Task to complete >> Copy each line, word for word, from the one with "Bedroom 3, Gasthaus" through the final line of the listing, but skip the pictures.
○ ○ ○ ○
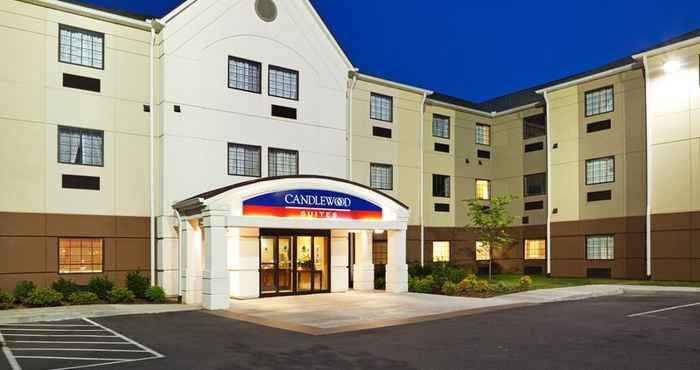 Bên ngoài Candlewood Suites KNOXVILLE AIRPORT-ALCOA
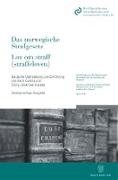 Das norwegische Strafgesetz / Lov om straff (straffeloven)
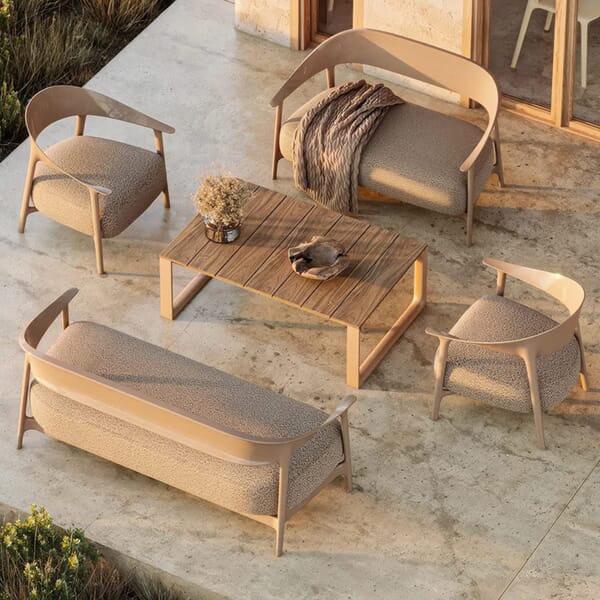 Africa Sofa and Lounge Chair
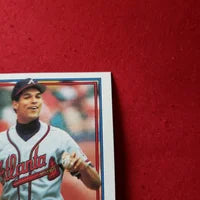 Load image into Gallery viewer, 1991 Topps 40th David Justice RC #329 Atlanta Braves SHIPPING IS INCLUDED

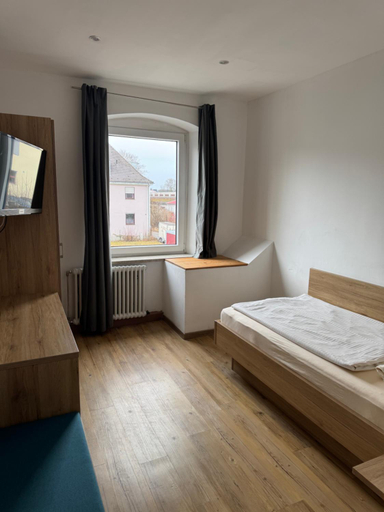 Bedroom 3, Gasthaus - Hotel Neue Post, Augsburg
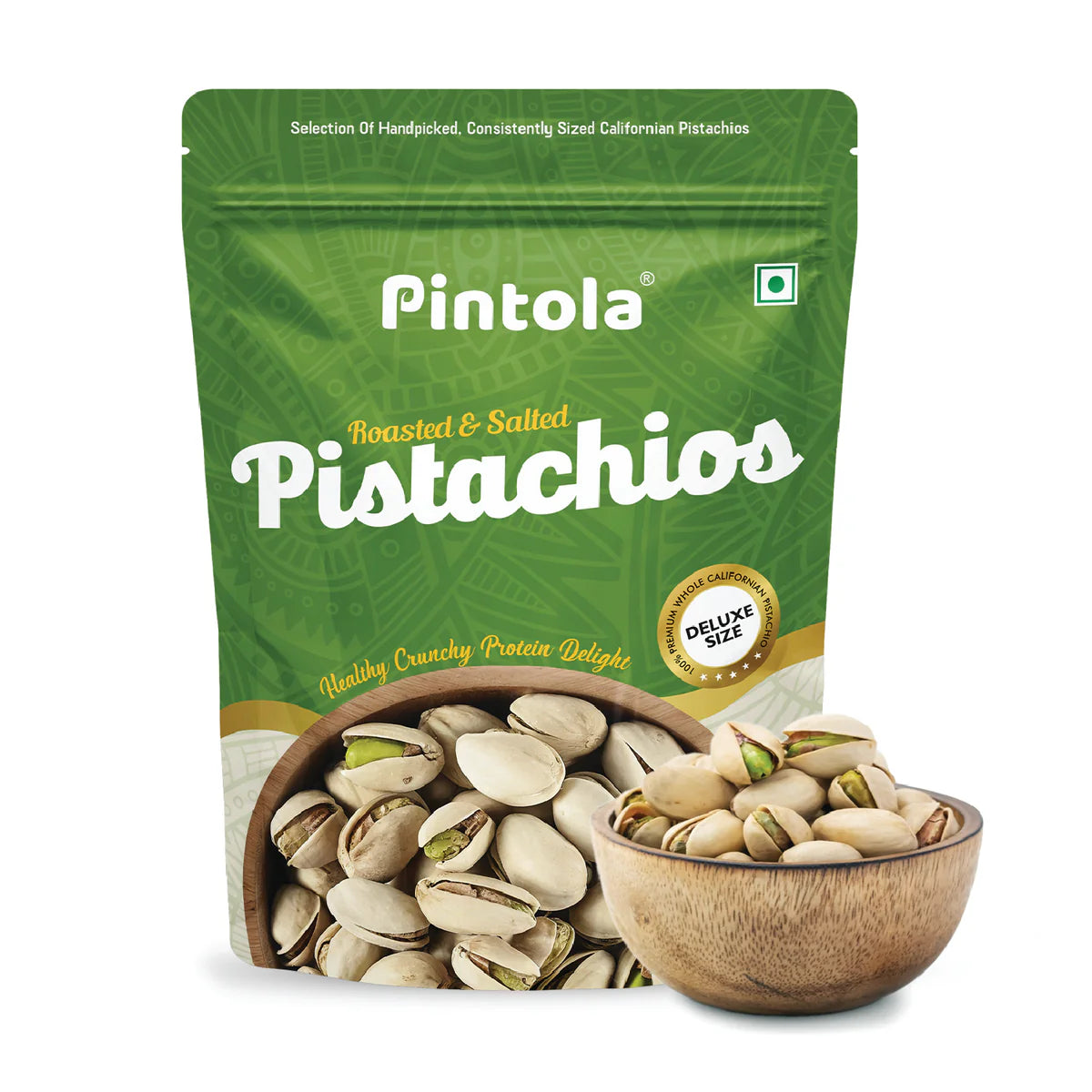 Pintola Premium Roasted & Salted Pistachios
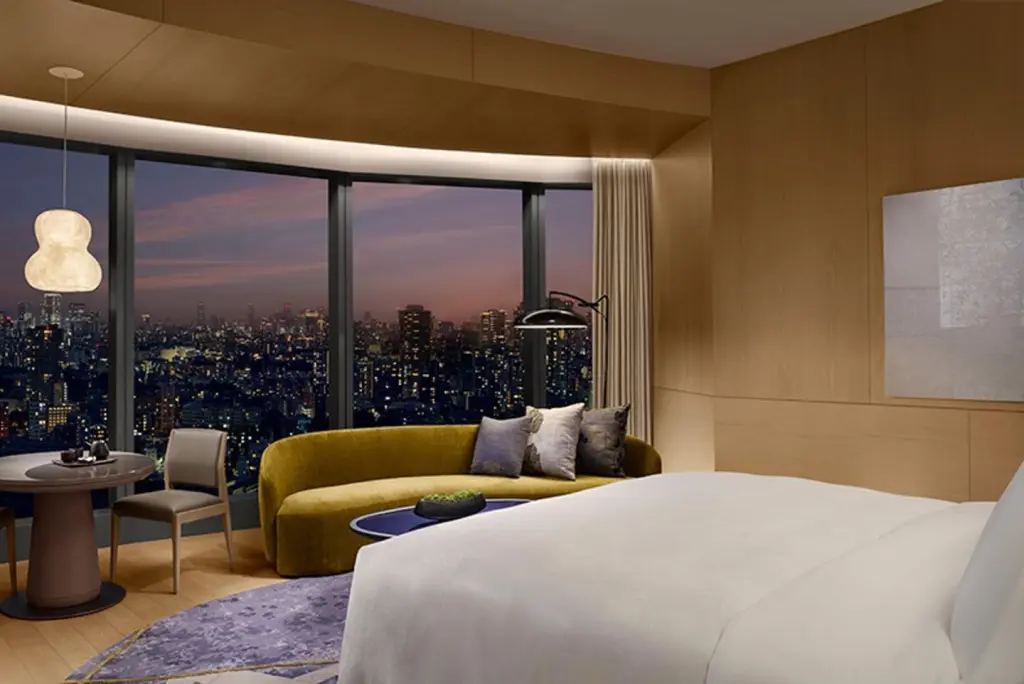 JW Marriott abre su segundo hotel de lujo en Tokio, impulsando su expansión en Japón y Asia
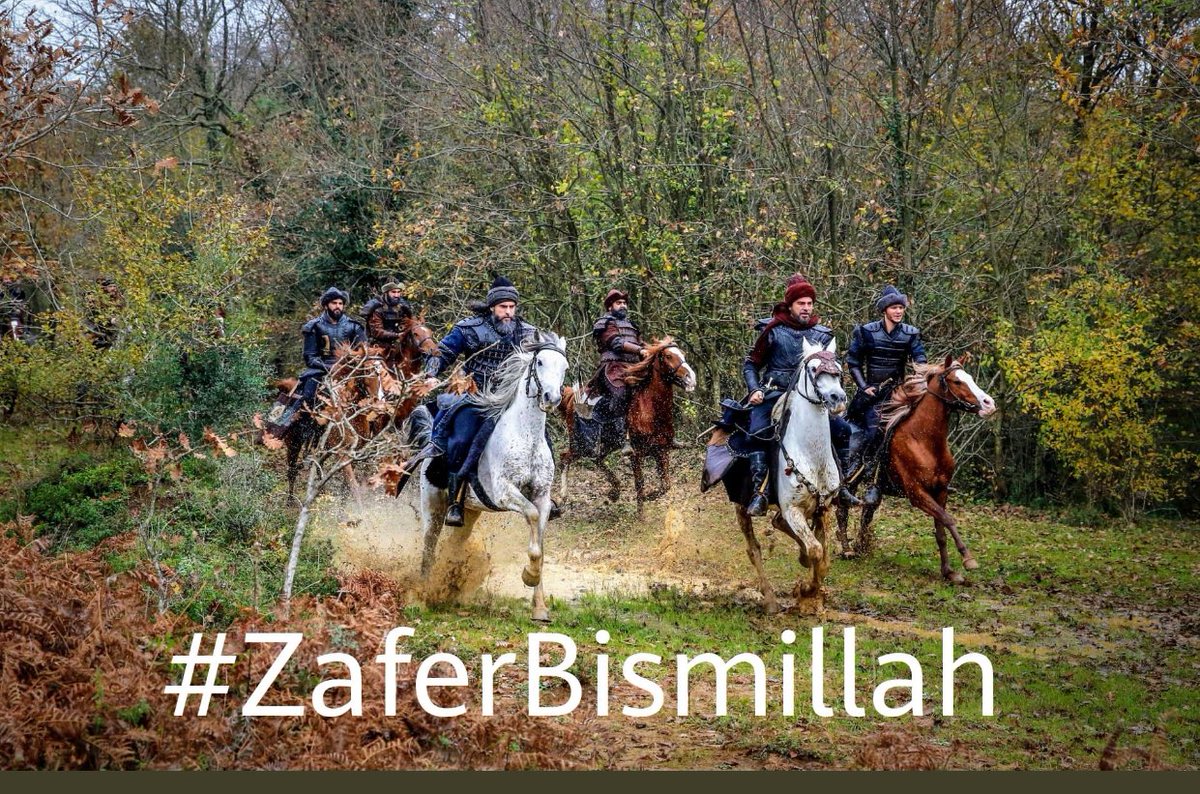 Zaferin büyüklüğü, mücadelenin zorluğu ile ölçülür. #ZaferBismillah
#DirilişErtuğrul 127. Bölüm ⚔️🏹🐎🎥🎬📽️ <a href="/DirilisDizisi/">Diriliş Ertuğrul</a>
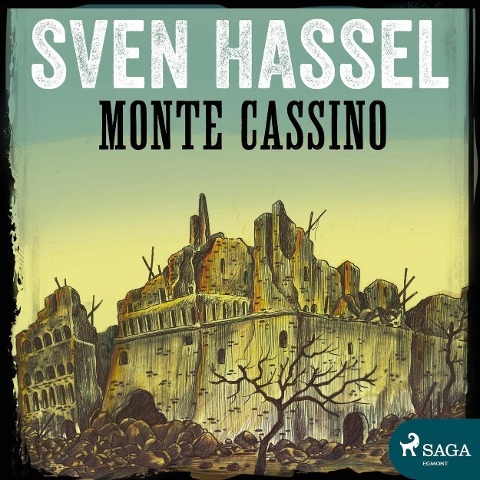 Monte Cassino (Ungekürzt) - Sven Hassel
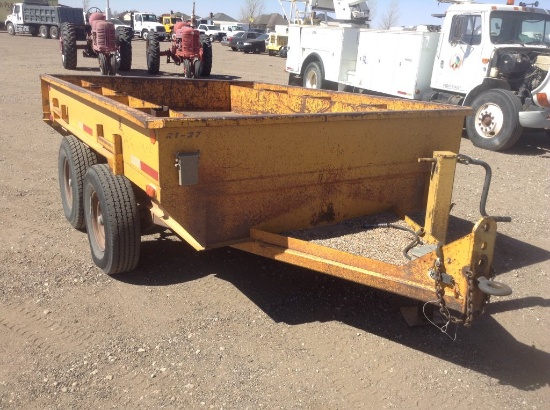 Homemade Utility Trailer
○ ○ ○ ○
Your response >>
 Bedroom 3, Gasthaus - Hotel Neue Post, Augsburg
 Pintola Premium Roasted & Salted Pistachios
 JW Marriott abre su segundo hotel de lujo en Tokio, impulsando su expansión en Japón y Asia
 Zaferin büyüklüğü, mücadelenin zorluğu ile ölçülür. #ZaferBismillah
#DirilişErtuğrul 127. Bölüm ⚔️🏹🐎🎥🎬📽️ <a href="/DirilisDizisi/">Diriliş Ertuğrul</a>
 Monte Cassino (Ungekürzt) - Sven Hassel
 Homemade Utility Trailer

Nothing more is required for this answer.